Optimization

Empirical Risk Minimization

This part is mostly from Deep Learning by Goodfellow et al.

In ML, we want to optimize performance measure \(P\) by reducing a different cost function \(J(\theta)\).

\[J(\theta) = \mathbb{E}_{(x,y) {\raise.17ex\hbox{$\scriptstyle\sim$}} \hat{p}_{data}} L(f(x;\theta),y)\]
  • \(L\): per-example loss function.
  • \(f(x;\theta)\): predicted output when the input is \(x\).
  • \(\hat{p}_{data}\): empirical distribution
  • \(y\): target output in the supervised learning

The above defines an objective function with respect to the training set. We would prefer to minimize the corresponding objective function where the expectation is taken across the data-generating distribution \(p_{data}\) rather than just over the finite training set:

\[J^*(\theta) = \mathbb{E}_{(x,y) {\raise.17ex\hbox{$\scriptstyle\sim$}} p_{data}} L(f(x;\theta),y)\]

The above quantity is called the risk. NOTE: here we have a true distribution \(p_{data}\). In ML we only have empirical distribution so we have to replace it with the empirical distribution \(\hat{p}_{data}\) defined by the training set. Minimize the empirical risk

\[\mathbb{E}_{(x,y) {\raise.17ex\hbox{$\scriptstyle\sim$}} p_{data}} [L(f(x;\theta),y)] = \frac{1}{m} \sum_{i=1}^m L(f(x^{(i)};\theta),y^{(i)})\]

where m is the number of training examples.

Remember, empirical risk minimization is prone to overfitting. In DL, we rarely use empirical risk minimization but algorithms based on gradient descent.

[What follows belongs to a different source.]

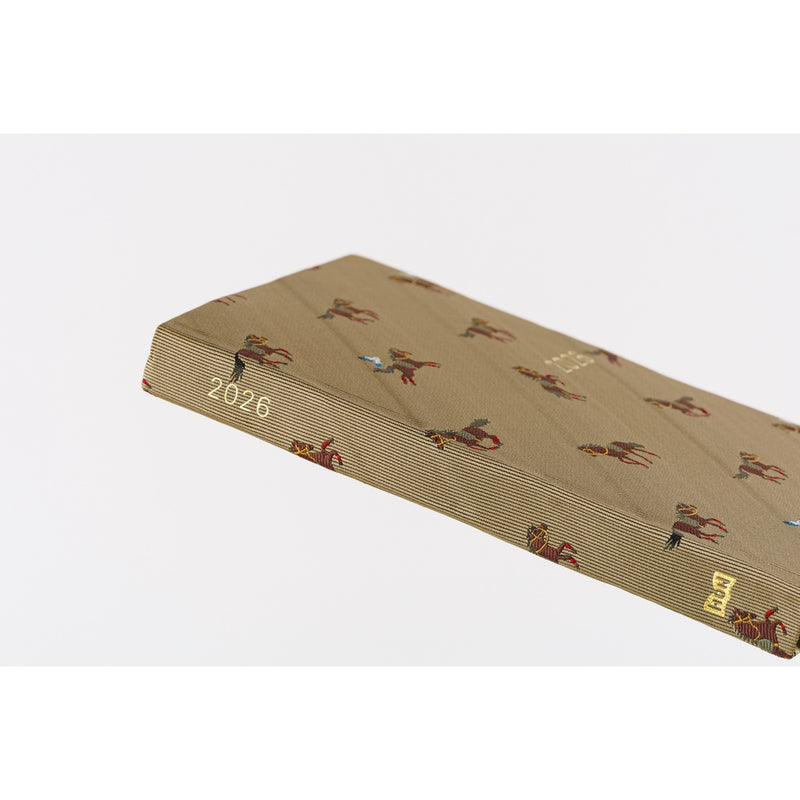 Hobonichi Techo A6 HON 2026 Bow & Tie: Galloping Horses (January Start)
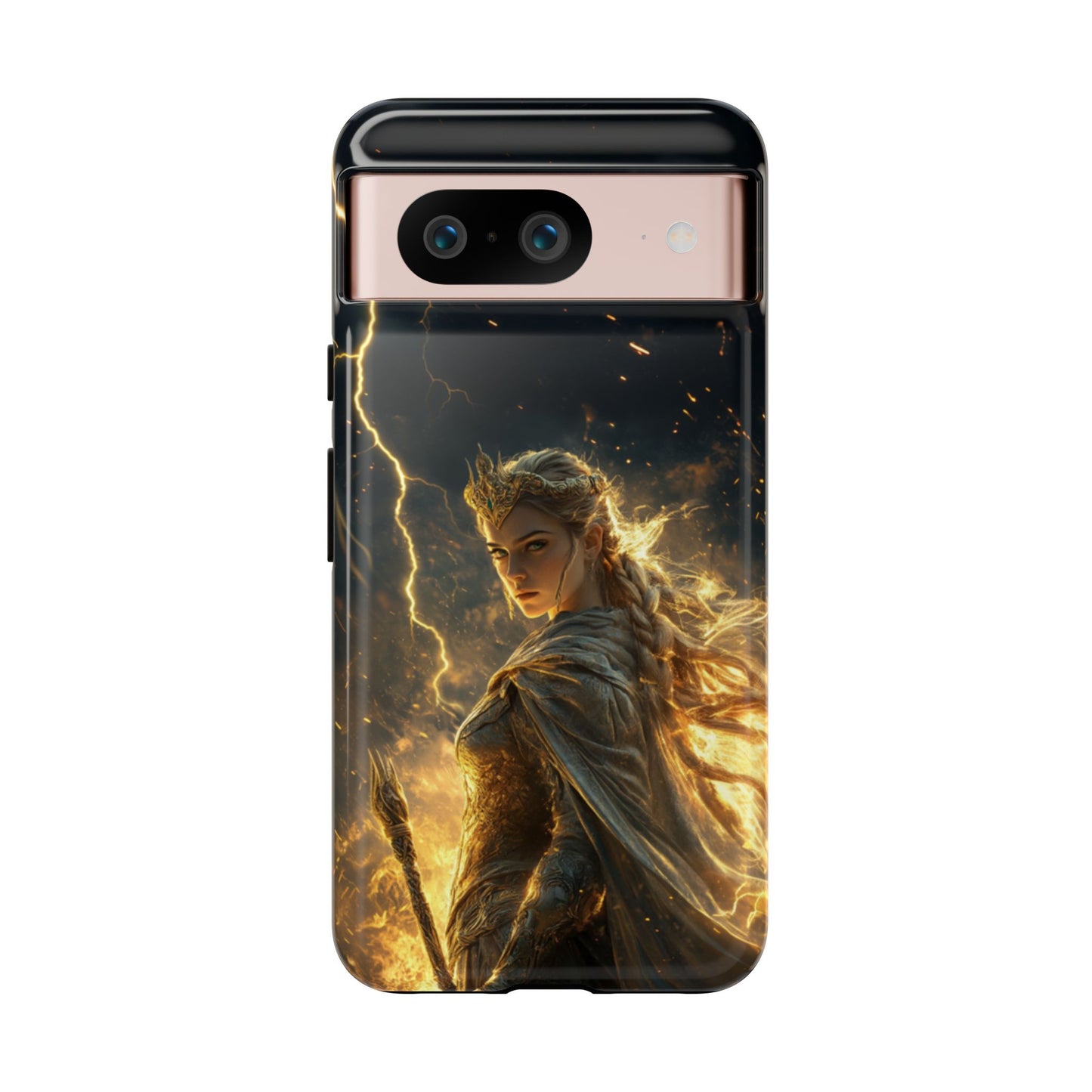 Elf Queen Golden Lightning Storm Crown - Tough Google Pixel Case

Batch and Minibatch Algorithms

Optimization algorithms that use the entire training set are called batch or deterministic gradient methods, because they process all the training examples simultaneously in a large batch. Algorithms that use only a single example at a time are called stochastic. However, most algorithms used for DL fall somewhere in between, using more than one but fewer than all the training examples. They are called minibatch stochastic or simply stochastic methods.

Minibatch size selection factors

Warning

Ask a TA for detailed explanation.

  • Larger batches provide a more accurate estimate of the gradient, but with less than linear returns.
  • Multicore architectures are usually underutilized by extremely small batches. For a fix, use an absolute minimum batch size.
  • If all examples in the batch are to be processed in parallel, then the amount of memoery scales with the batch size. Usually this is the limiting factor in batch size.
  • Some kinds of HW achieve better runtime with specific sizes of arrays. Especially when using GPUs, it is common for power of 2 batch sizes to offer better runtime(typically from 32 to 256. You may try 16 for large models).
  • Small batches can offer a regularizing effect (Wilson and Martinez, 2003), perhaps due to the noise they add to the learning process. Generalization error is often best for a batch size of 1. Training with such a small batch size might require a small learning rate to maintain stability because of the high variance in the estimate of the gradient. The total runtime can be very high as a result of the need to make more steps.

Adam

Adam learns scale of loss.